The Sample Analysis at Mars (SAM) experiment carried out by Curiosity analyzed samples of xenon taken from the Martian atmosphere. Noble gases are inert chemically, meaning they don't react with other substances on the ground or in the air so their state is a good measure of the atmosphere's history. Xenon is found at low levels in the Red Planet's atmosphere so it can only be measured directly using on-site experiments like SAM.
"Xenon is a fundamental measurement to make on a planet such as Mars or Venus, since it provides essential information to understand the early history of these planets and why they turned out so differently from Earth," said Melissa Trainer, a member of the SAM team.
Atmospheres over planets are comprised of different gases which contain varying levels of isotopes. When planets lose their atmospheres, how many isotopes remain will be affected.
Xenon has a special characteristic in which it naturally exists in nine isotopes, all different and ranging between 124 and 136 in atomic mass. This special characteristic aids researchers in learning more about how atmospheric layers were stripped over Mars compared to measuring levels of other gases in the Martian atmosphere.
The SAM experiment works by measuring ratios in the traces of xenon isotopes from earlier parts of Mars' history when an atmospheric escape process was so vigorous that it pulled even heavy xenon gas away.
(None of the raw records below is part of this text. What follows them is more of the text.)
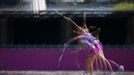 Czech Republic's Petra Kvitova serves during a training session at the All England Lawn Tennis Club before the start of the London 2012 Olympic Games in London July 26, 2012. Picture taken using multiple exposures. REUTERS/Stefan Wermuth (BRITAIN - Tags: SPORT OLYMPICS TENNIS TPX IMAGES OF THE DAY) Published: Čec. 26, 2012, 12:02 odp.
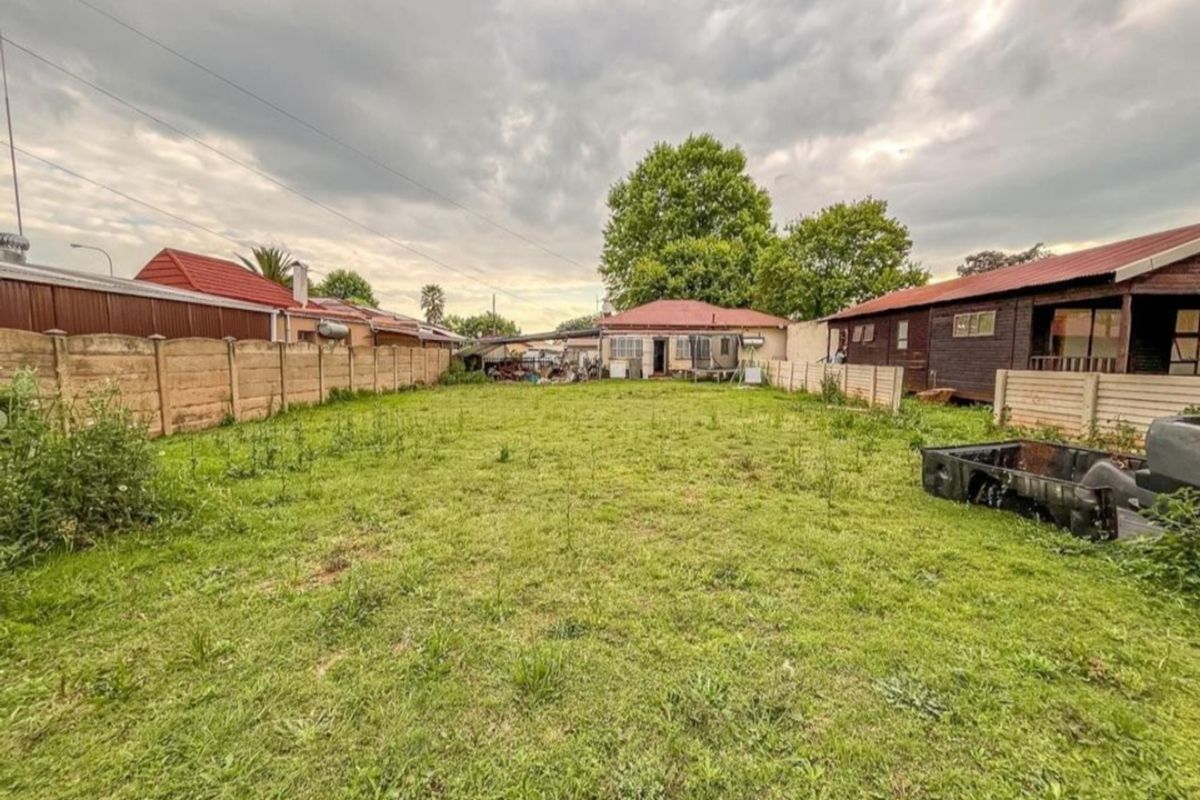 Spacious rear yard featuring a large lawn area enclosed by precast concrete boundary walls and adjacent residential structures.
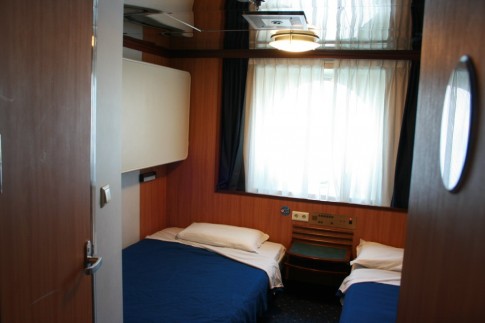Standard four-berth outside cabin on the Moby Freedom - designed by Figura, this shares recent Stena practice of having an oversized lower bed.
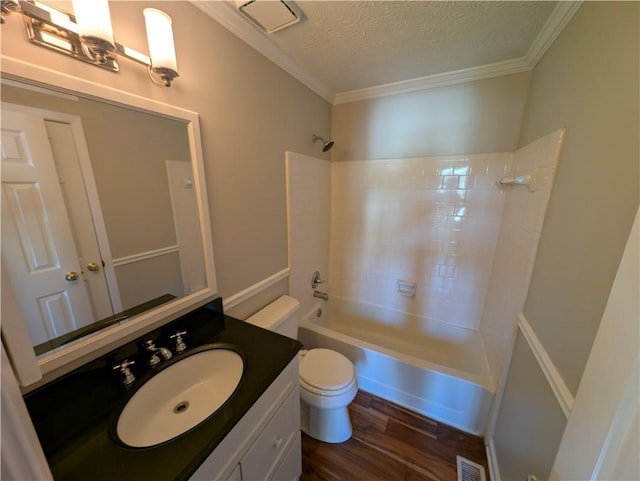 full bathroom with hardwood / wood-style floors, ornamental molding, vanity, tub / shower combination, and a textured ceiling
In this process, the lighter isotopes escaped faster than the heavier ones, with ratios left today considered to be signatures of the Martian atmosphere from billions of years ago.
Pan Conrad, deputy principal investigator for SAM, added that they are seeing a notably close match in in-situ data and that of little pieces of the atmosphere left over in some meteorites in Mars.
The SAM experiment also analyzed ratios in isotopes in argon gas before and found that ratios pointed to a continuous loss of the original atmosphere in Mars over time.
Before the SAM experiment was carried out by Curiosity, it underwent months of rigorous testing at the NASA Goddard Space Flight Center. A close simulation of the SAM experiment was done in a chamber mimicking the environment in Mars. Charles Malespin led the tests and developed and optimized instructions to be followed by the SAM experiment in Mars.